▸ **Dataset excerpts**
·····
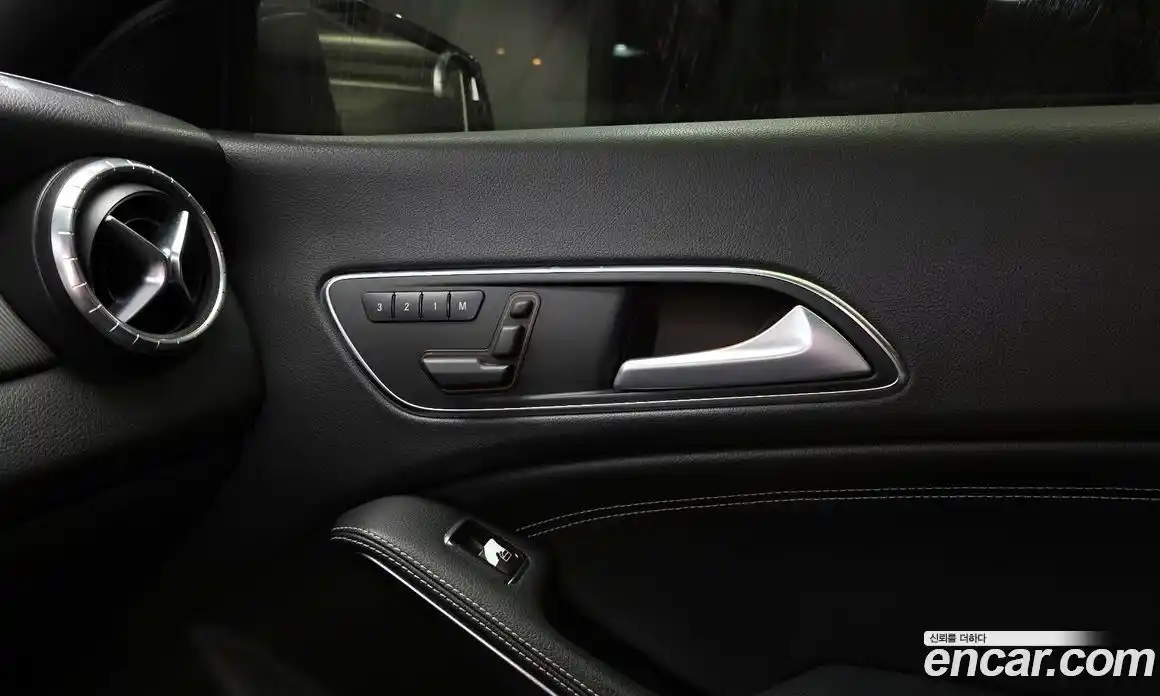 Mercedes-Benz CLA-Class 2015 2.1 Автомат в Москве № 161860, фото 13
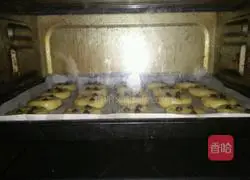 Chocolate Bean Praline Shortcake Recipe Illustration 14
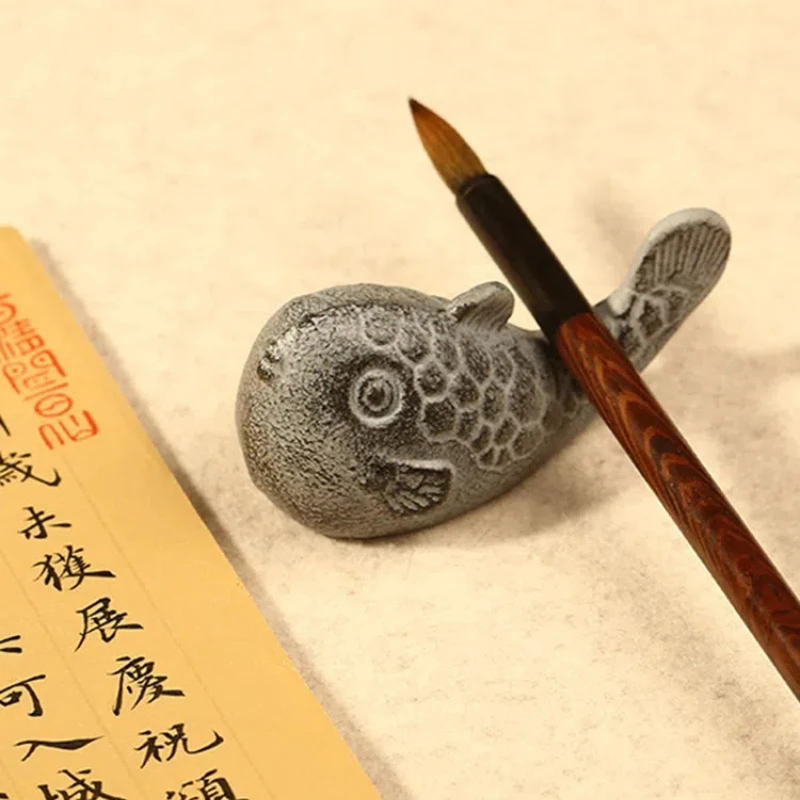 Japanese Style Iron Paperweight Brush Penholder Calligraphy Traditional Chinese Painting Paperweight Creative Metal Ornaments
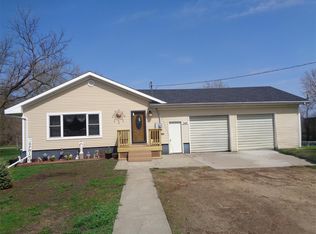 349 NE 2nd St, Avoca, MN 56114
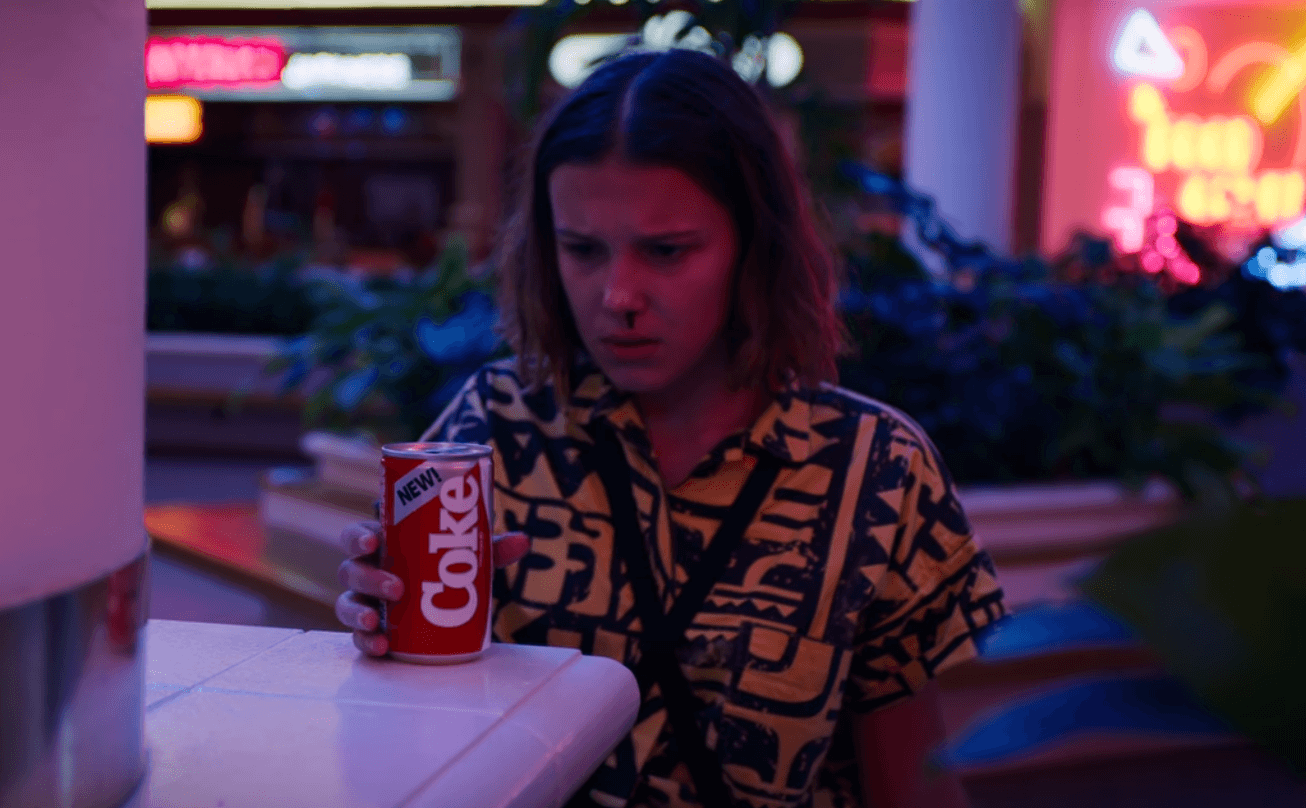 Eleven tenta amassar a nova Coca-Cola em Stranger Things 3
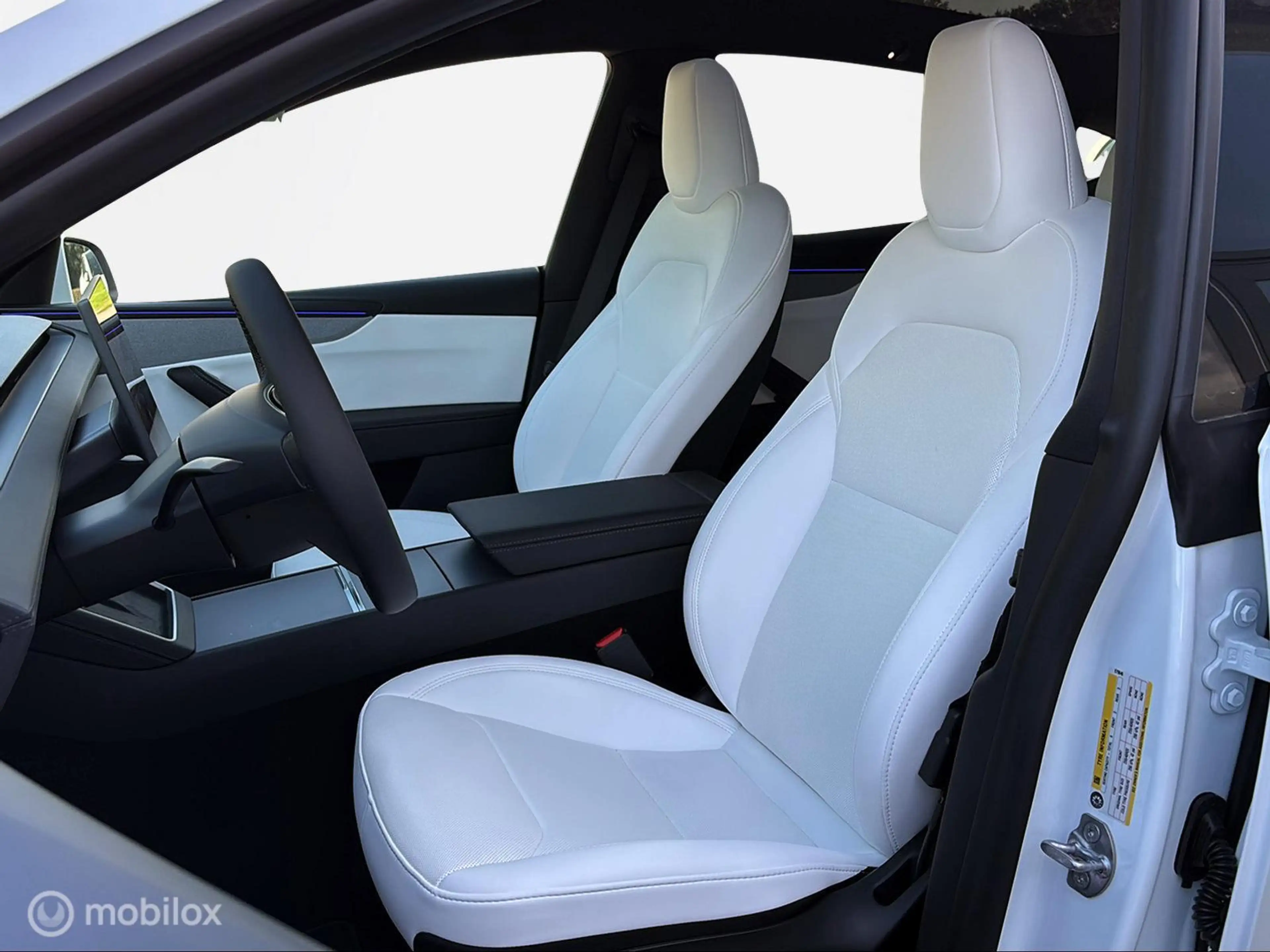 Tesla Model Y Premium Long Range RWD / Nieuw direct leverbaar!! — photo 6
·····
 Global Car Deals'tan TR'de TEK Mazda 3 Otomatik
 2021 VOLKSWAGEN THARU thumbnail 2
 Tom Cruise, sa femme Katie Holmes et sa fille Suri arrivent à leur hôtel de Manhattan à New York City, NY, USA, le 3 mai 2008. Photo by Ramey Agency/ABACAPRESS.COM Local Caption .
·····
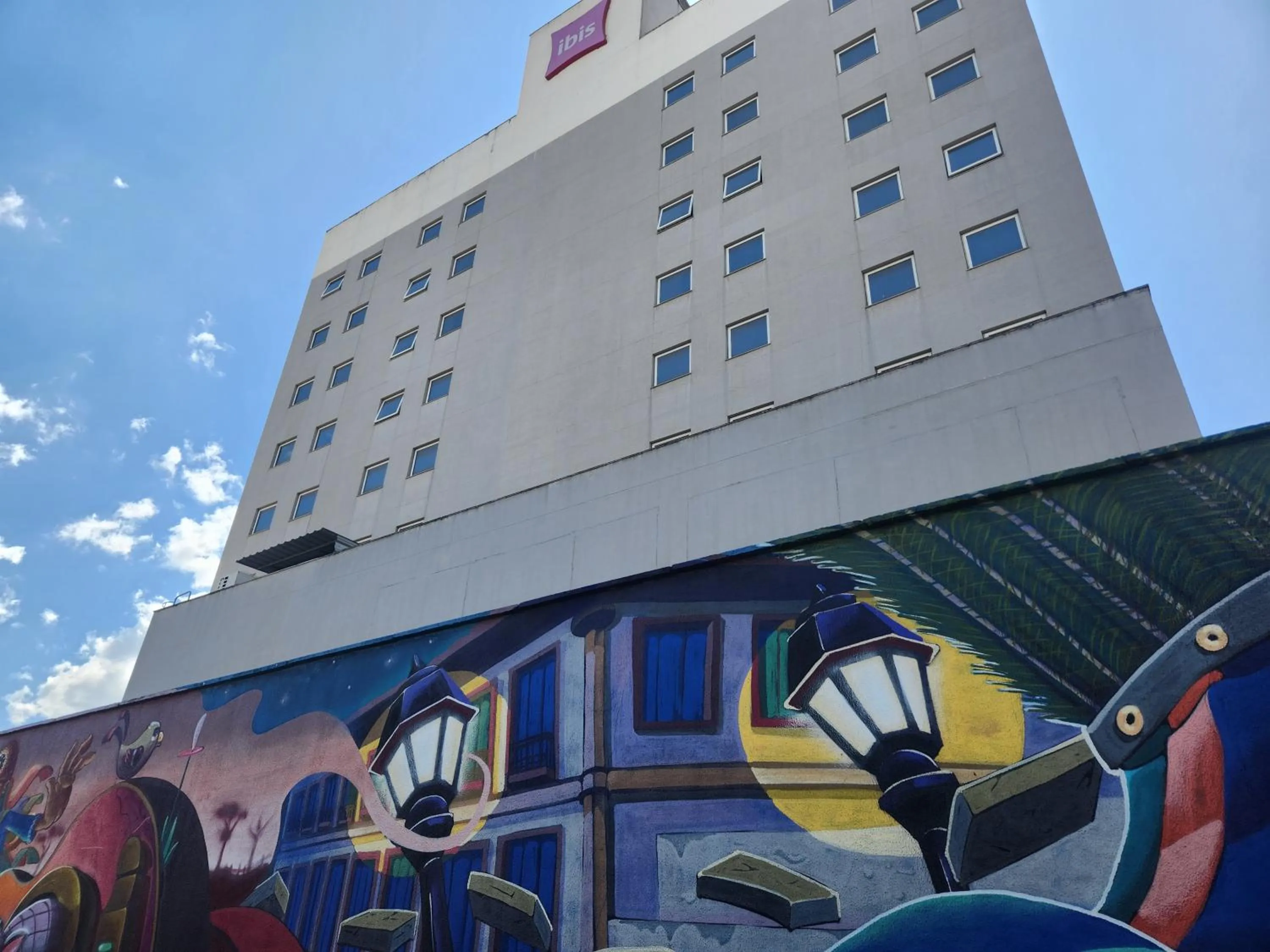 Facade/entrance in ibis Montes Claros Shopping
·····
The answer is those lines of the material above that run from the one containing "Mercedes-Benz CLA-Class 2015" up to and including the one containing "Eleven tenta amassar", restated exactly and without images.

▸ **Written answer**
 Mercedes-Benz CLA-Class 2015 2.1 Автомат в Москве № 161860, фото 13
 Chocolate Bean Praline Shortcake Recipe Illustration 14
 Japanese Style Iron Paperweight Brush Penholder Calligraphy Traditional Chinese Painting Paperweight Creative Metal Ornaments
 349 NE 2nd St, Avoca, MN 56114
 Eleven tenta amassar a nova Coca-Cola em Stranger Things 3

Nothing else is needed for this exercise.